In [1]:
import os
import subprocess
def module(*args):        
    if isinstance(args[0], list):        
        args = args[0]        
    else:        
        args = list(args)        
    (output, error) = subprocess.Popen(['/usr/bin/modulecmd', 'python'] + args, stdout=subprocess.PIPE).communicate()
    exec(output)    
module('load', 'apps/java/jdk1.8.0_102/binary')    
os.environ['PYSPARK_PYTHON'] = os.environ['HOME'] + '/.conda/envs/jupyter-spark/bin/python'

In [2]:
import pyspark

from pyspark.sql import SparkSession
# run Spark locally with K worker threads (ideally set to number of cores)
spark = SparkSession.builder.master("local[2]").appName("COM6012 Spark Intro").getOrCreate()

sc = spark.sparkContext

## Spark:

### 1. Machine Learning Libary：MLlib基于RDD，ml基于Dataframe

In [11]:
df = spark.read.load("../Data/Advertising.csv", format="csv", inferSchema="true", header="true")
df.show(10)

+---+-----+-----+---------+-----+
|_c0|   TV|radio|newspaper|sales|
+---+-----+-----+---------+-----+
|  1|230.1| 37.8|     69.2| 22.1|
|  2| 44.5| 39.3|     45.1| 10.4|
|  3| 17.2| 45.9|     69.3|  9.3|
|  4|151.5| 41.3|     58.5| 18.5|
|  5|180.8| 10.8|     58.4| 12.9|
|  6|  8.7| 48.9|     75.0|  7.2|
|  7| 57.5| 32.8|     23.5| 11.8|
|  8|120.2| 19.6|     11.6| 13.2|
|  9|  8.6|  2.1|      1.0|  4.8|
| 10|199.8|  2.6|     21.2| 10.6|
+---+-----+-----+---------+-----+
only showing top 10 rows



In [12]:
df2=df.drop('_c0')
df2.show(10)

+-----+-----+---------+-----+
|   TV|radio|newspaper|sales|
+-----+-----+---------+-----+
|230.1| 37.8|     69.2| 22.1|
| 44.5| 39.3|     45.1| 10.4|
| 17.2| 45.9|     69.3|  9.3|
|151.5| 41.3|     58.5| 18.5|
|180.8| 10.8|     58.4| 12.9|
|  8.7| 48.9|     75.0|  7.2|
| 57.5| 32.8|     23.5| 11.8|
|120.2| 19.6|     11.6| 13.2|
|  8.6|  2.1|      1.0|  4.8|
|199.8|  2.6|     21.2| 10.6|
+-----+-----+---------+-----+
only showing top 10 rows



In [13]:
from pyspark.sql import Row
from pyspark.ml.linalg import Vectors

def transData(data):
    return data.rdd.map(lambda r: [Vectors.dense(r[:-1]), r[-1]]).toDF(['features','label']) # to vector!!!

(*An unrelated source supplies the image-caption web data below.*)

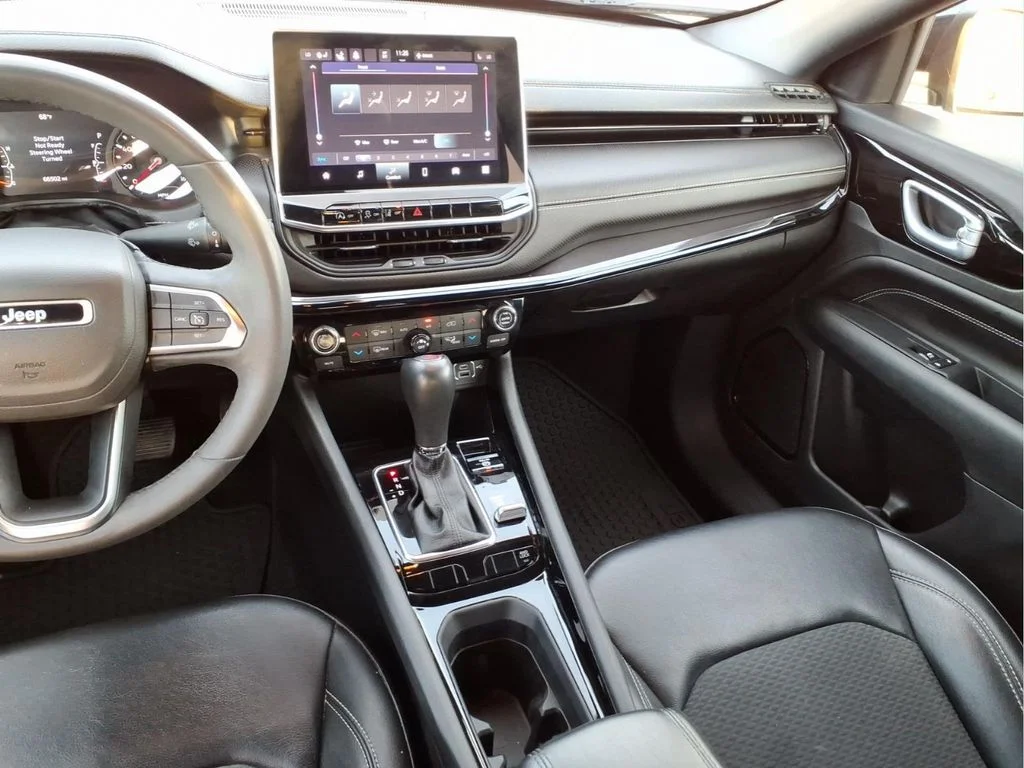 Used 2023 Gray Jeep Latitude image 16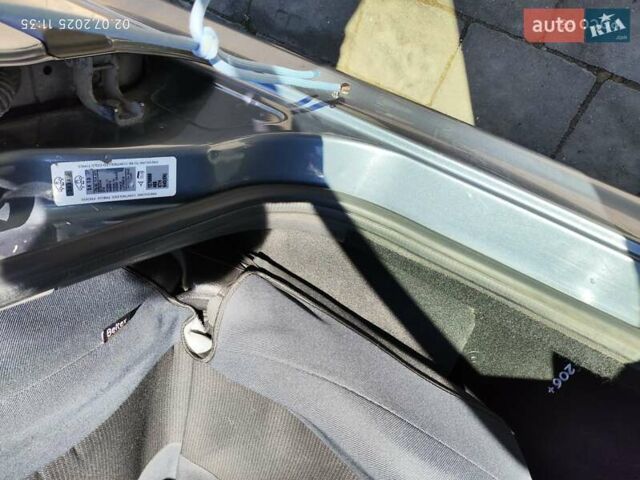 Сірий Пежо 206, об'ємом двигуна 1.1 л та пробігом 104 тис. км за 4100 $, фото 18 на Automoto.ua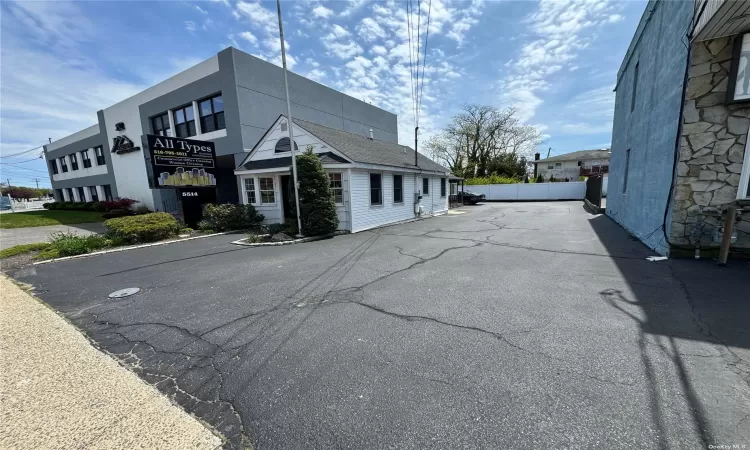 5514 Merrick Road, Massapequa, NY, ,Commercial Sale,For Sale,Merrick,3552960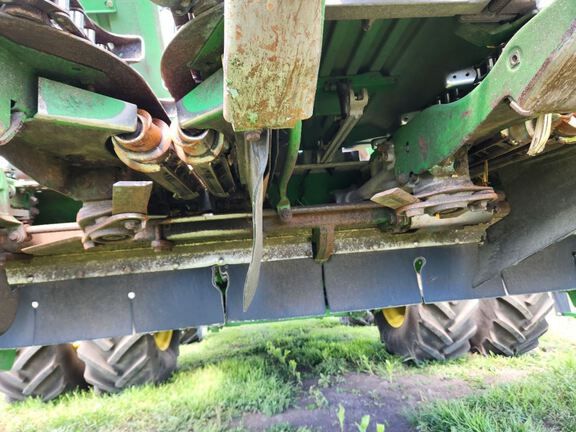 2014 John Deere 608C Header Corn Head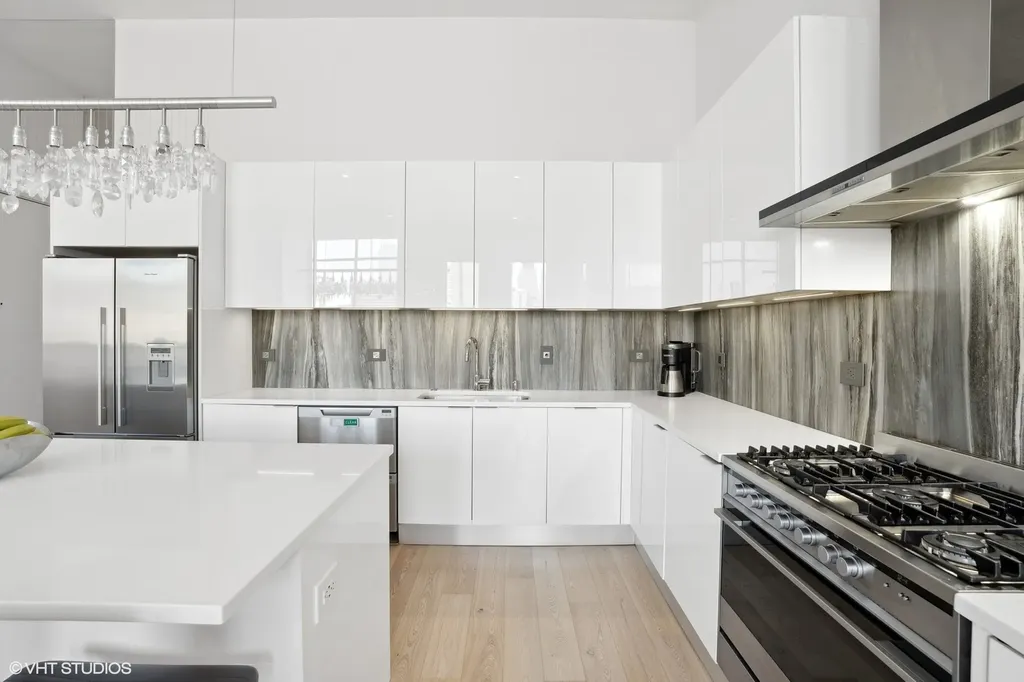 128 South Aberdeen Street Chicago IL 60607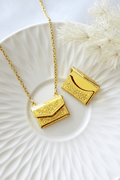 24 Karats Daisy Envelope Locket Necklace - HERS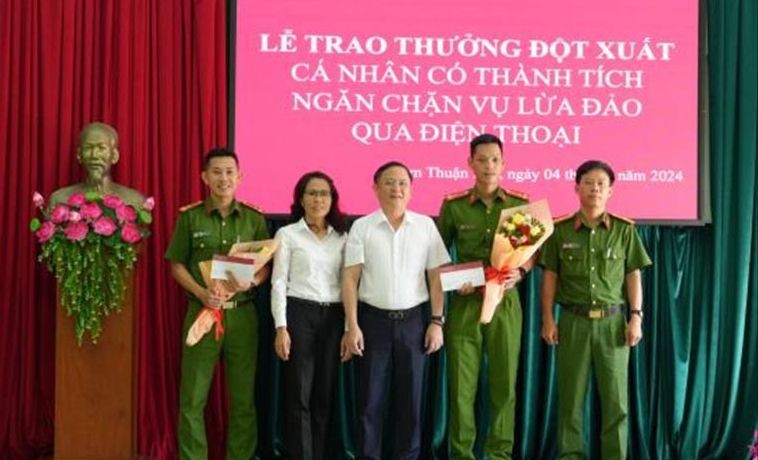 Đại diện Agribank Hàm Thuận Bắc và Công an thị trấn Ma Lâm được biểu dương vì ngăn chặn vụ lừa đảo qua mạng.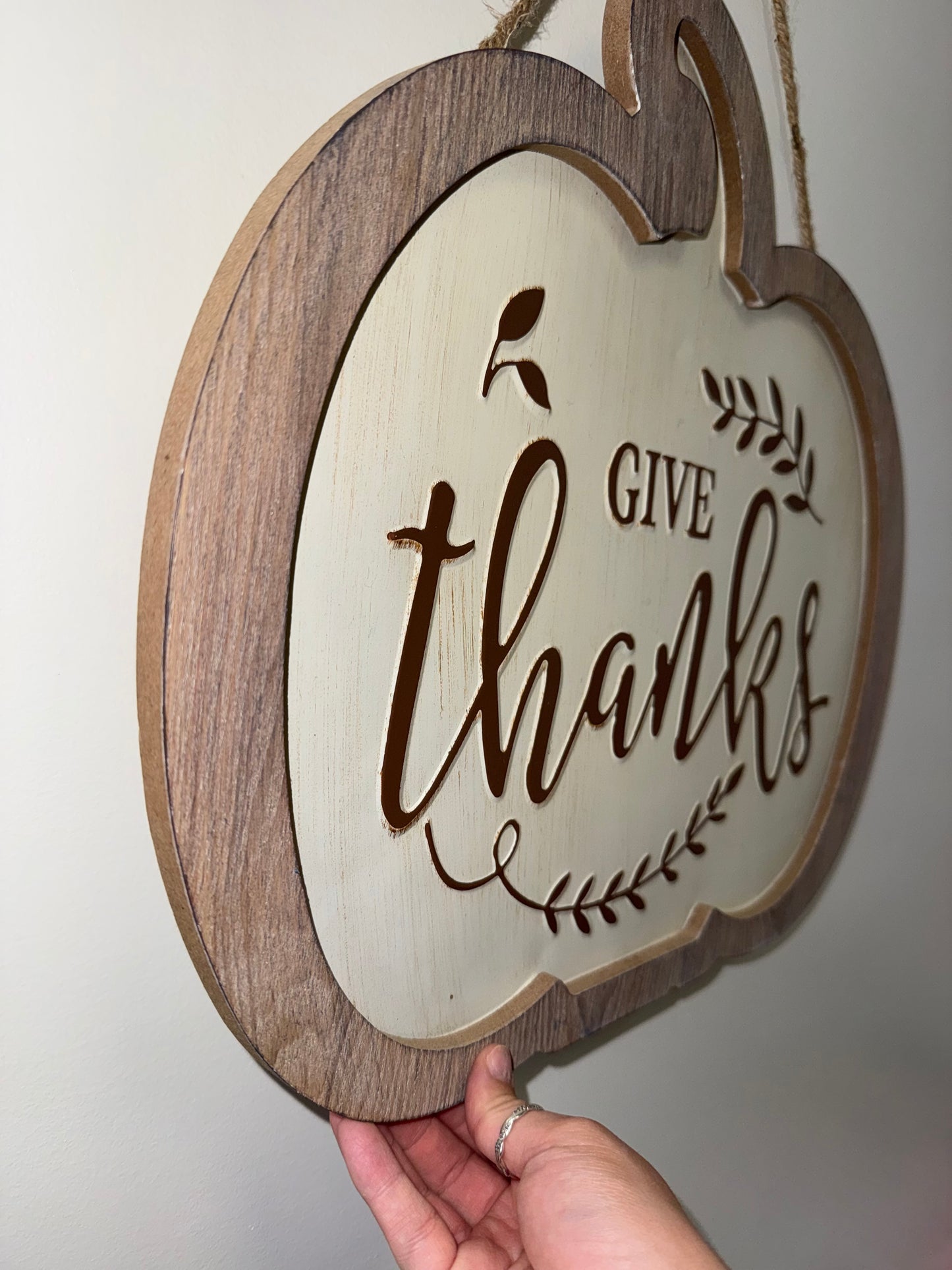 Neutral /Give Thanks' Wooden//Metal Pumpkin Sign — Fall Decor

transformed= transData(df2)
transformed.show(5)

+-----------------+-----+
|         features|label|
+-----------------+-----+
|[230.1,37.8,69.2]| 22.1|
| [44.5,39.3,45.1]| 10.4|
| [17.2,45.9,69.3]|  9.3|
|[151.5,41.3,58.5]| 18.5|
|[180.8,10.8,58.4]| 12.9|
+-----------------+-----+
only showing top 5 rows



In [14]:
(trainingData, testData) = transformed.randomSplit([0.6, 0.4])
trainingData.show(5)

+----------------+-----+
|        features|label|
+----------------+-----+
|  [4.1,11.6,5.7]|  3.2|
| [7.8,38.9,50.6]|  6.6|
|  [8.4,27.2,2.1]|  5.7|
|[11.7,36.9,45.2]|  7.3|
|[13.2,15.9,49.6]|  5.6|
+----------------+-----+
only showing top 5 rows



In [15]:
from pyspark.ml.regression import LinearRegression

lr = LinearRegression()
lrModel = lr.fit(trainingData)
predictions = lrModel.transform(testData)
predictions.show(5)

+---------------+-----+------------------+
|       features|label|        prediction|
+---------------+-----+------------------+
| [0.7,39.6,8.7]|  1.6|10.664774504433545|
| [5.4,29.9,9.4]|  5.3| 8.949608302036614|
|[7.3,28.1,41.4]|  5.5| 8.838411457343703|
|  [8.6,2.1,1.0]|  4.8| 3.510767245321071|
|[8.7,48.9,75.0]|  7.2| 13.21884865276862|
+---------------+-----+------------------+
only showing top 5 rows



In [16]:
from pyspark.ml.evaluation import RegressionEvaluator

evaluator = RegressionEvaluator(labelCol="label",predictionCol="prediction",metricName="rmse")
rmse = evaluator.evaluate(predictions)
print("Root Mean Squared Error (RMSE) on test data = %g" % rmse)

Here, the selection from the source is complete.